Con sentenza 766/2004 la Corte di appello di Bologna rigettò l’appello con condanna alle spese osservando che, in tema di diffida ad adempiere, l’unico onere ai sensi dell’art. 1454 c.c. gravante sulla parte intimante è quello di fissare un termine entro il quale l’altra parte dovrà adempiere pena la risoluzione ope legis. Ricorre L. con tre motivi, resiste controparte.

Motivi della decisione

Col primo motivo si denunzia violazione dell’art. 1454 c.c., artt. 1476 e 1477 c.c. per avere la Corte bolognese ritenuto sufficiente intimare il pagamento senza convocare l’acquirente davanti al notaio.

La censura è infondata perchè la Corte di appello ha evidenziato che la scelta del notaio competeva all’acquirente che aveva l’onere di contattarlo per la stipula del definitivo.

In particolare la sentenza, alle pagine quattro e cinque, ha dedotto che, in tema di diffida ad adempiere, l’unico onere che, ai sensi dell’art. 1454 c.c., grava sulla parte intimante è quello di fissare un termine entro il quale l’altra parte dovrà adempiere alla propria prestazione, pena la risoluzione ope legis del contratto, poichè la ratio della norma citata è quella di fissare con chiarezza la posizione delle parti rispetto all’esecuzione del negozio, merce un formale avvertimento alla parte diffidata che l’intimante non è disposto a tollerare un ulteriore ritardo nell’adempimento (Cass. 28 giugno 2001 n. 8844).

Nel caso, in particolare, del preliminare di compravendita di un immobile, dove di regola la scelta del notaio rogante compete all’acquirente, l’assenza in seno alla diffida intimata alla controparte dal promittente venditore di un immobile, dell’indicazione del giorno, dell’ora e del luogo della stipula notarile, non rende inefficace la diffida, essendo comunque onere del promissario acquirente contattare il notaio per la stipula del definitivo (Cass. 9 settembre 1998 n. 8910).

Il ricorrente si limita a ribadire, sia pure sotto altro profilo la tesi, sostenuta nei motivi di appello, secondo cui la diffida sarebbe stata inefficace perchè mancante della disponibilità al trasferimento, senza superare la corretta e logica motivazione sopra riportata.

Col secondo motivo si lamenta violazione degli artt. 2721 e 2722 c.c. per non avere la Corte territoriale ammesso le prove dedotte dall’appellante sul presupposto che violassero gli artt. 2721 e 2722 c.c., perchè contrastanti col rogito Monizio 14.11.1996, ma la censura non riporta le circostanze articolate e non è autosufficiente.

Col terzo motivo si denunziano violazione degli artt. 1454, 2721 e 2722 c.c. e vizi di motivazione per non avere la sentenza considerato il comportamento concludente della D.R. che, successivamente alla diffida, aveva venduto parte dell’immobile oggetto del preliminare alle persone designate dal L., non valutando che solo quest’ultimo, che era nel possesso, poteva immettere i coniugi C.B. nel materiale possesso.

La censura è infondata.

La sentenza ha definito equazione di difficile comprensione la tesi che la vendita a terzi costituisse rinuncia alla risoluzione a seguito della diffida, rilevando che nel rogito i terzi non vengono indicati quali aventi causa del L. nè lo stesso poteva provare patti preesistenti o per i quali la prova per testi era inammissibile.
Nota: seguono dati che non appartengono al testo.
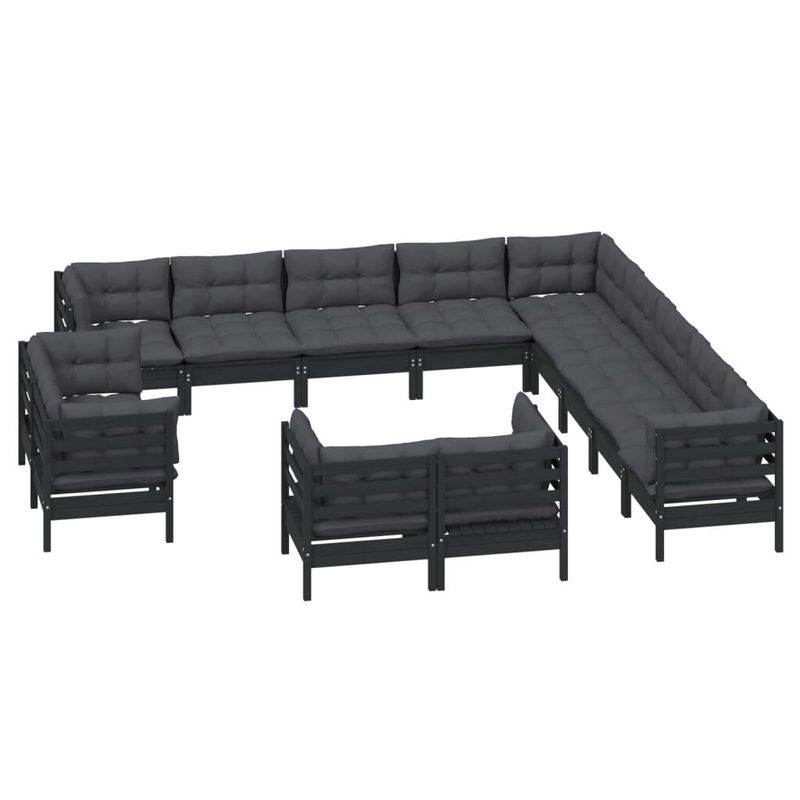 vidaXL-Set-Divani-da-Giardino-13-pz-con-Cuscini-Neri-Massello-di-Pino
Il ricorrente, anche in questo caso, ripropone genericamente il motivo di appello senza intaccare la motivazione della sentenza, nel tentativo di riesame del merito precluso in questa sede. In definitiva il ricorso va rigettato con condanna alle spese.

P.Q.M.

La Corte rigetta il ricorso e condanna il ricorrente alle spese, liquidate in Euro 2700, di cui 2500 per onorari, oltre accessori.

Testo non ufficiale. La sola stampa del bollettino ufficiale ha carattere legale.